Simply meeting the requirements for the method as outlined above will not guarantee its success. To effectively use this
method the following conditions must be met:
•The usability engineer must have experience both in the domain and in the problems that users typically experience in
this domain. Without this experience it is difficult to tell if an issue uncovered is “reasonably likely to be a problem for
other people”. For someone who is inexperienced with a domain a more traditional usability test is more appropriate.

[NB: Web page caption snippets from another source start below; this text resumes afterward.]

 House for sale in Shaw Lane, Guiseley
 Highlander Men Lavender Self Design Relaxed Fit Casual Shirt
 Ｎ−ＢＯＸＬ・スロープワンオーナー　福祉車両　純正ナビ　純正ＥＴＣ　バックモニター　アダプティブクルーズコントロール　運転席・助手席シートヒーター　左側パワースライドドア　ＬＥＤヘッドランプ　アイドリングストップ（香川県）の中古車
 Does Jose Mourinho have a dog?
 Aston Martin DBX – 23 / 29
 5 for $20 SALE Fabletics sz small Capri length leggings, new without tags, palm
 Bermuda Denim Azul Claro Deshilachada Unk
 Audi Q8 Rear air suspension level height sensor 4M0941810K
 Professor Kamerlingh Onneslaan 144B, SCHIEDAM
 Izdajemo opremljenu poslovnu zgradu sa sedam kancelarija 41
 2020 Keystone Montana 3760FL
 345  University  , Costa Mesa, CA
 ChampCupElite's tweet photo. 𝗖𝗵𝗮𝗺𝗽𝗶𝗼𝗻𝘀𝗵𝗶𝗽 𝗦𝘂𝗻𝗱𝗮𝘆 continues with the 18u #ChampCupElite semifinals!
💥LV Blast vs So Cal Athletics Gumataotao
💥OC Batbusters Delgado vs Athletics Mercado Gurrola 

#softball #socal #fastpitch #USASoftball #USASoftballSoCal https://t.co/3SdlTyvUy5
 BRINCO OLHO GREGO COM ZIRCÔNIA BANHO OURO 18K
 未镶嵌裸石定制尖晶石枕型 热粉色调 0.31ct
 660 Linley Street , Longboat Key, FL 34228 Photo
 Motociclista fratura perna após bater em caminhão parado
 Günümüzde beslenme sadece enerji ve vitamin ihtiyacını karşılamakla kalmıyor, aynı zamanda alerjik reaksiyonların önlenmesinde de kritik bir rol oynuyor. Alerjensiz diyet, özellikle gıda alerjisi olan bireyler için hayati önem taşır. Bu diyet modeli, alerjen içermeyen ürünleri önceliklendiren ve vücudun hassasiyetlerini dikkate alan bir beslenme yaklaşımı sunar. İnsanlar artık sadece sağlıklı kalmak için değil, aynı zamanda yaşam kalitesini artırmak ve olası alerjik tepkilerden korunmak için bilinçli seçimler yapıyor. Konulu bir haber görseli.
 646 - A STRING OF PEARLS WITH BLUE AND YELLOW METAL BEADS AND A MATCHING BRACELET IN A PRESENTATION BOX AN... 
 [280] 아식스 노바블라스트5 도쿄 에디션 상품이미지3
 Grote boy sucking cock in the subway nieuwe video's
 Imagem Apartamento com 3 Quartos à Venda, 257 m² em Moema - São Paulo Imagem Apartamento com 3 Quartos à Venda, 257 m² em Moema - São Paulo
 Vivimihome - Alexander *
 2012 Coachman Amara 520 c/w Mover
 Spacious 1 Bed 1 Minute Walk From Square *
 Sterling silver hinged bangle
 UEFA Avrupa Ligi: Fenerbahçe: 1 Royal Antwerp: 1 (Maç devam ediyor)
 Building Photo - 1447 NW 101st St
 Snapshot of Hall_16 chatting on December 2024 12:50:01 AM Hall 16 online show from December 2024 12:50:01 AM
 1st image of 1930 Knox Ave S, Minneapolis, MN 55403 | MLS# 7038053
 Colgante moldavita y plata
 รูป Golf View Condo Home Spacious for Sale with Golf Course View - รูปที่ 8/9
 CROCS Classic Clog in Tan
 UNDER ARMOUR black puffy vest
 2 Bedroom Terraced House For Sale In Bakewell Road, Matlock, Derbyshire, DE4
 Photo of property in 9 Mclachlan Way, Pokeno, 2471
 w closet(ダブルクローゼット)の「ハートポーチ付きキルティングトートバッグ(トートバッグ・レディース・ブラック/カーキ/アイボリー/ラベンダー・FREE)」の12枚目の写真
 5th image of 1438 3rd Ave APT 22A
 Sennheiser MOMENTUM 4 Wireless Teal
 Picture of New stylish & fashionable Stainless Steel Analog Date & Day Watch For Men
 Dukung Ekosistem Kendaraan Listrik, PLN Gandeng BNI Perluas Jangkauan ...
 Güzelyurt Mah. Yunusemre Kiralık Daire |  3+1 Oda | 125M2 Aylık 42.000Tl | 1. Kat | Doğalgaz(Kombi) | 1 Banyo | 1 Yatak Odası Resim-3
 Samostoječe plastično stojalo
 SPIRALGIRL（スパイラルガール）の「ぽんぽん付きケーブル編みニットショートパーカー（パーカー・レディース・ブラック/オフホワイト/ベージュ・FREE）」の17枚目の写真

•The decision makers of the development team must participate to address the issues raised quickly (note that this is more
than a commitment to attend and review).
•The design team and usability engineer must be able to interpret the results rapidly to make quick and effective decisions
regarding changes to the prototype.
CASE STUDY: AGE OF EMPIRES II RITE TEST
PARTICIPANTS
The primary audience for the Age of Empires II tutorial was identified as individuals who had little experience with real-time
strategy (RTS) games but who were interested in trying them. The participants were 5 females and 11 males aged 25 to 44
years old. None of the participants had ever played a RTS game but indicated an interest in trying them. All of them had
played at least one retail computer game on the PC in the last year.
MEASUREMENT
The primary source of data was the tester's observation of the participants. Specifically:
•Failures. Errors made that resulted in user failure to continue the tutorial–in particular those made on any item identified
prior to the test by the team and usability engineer.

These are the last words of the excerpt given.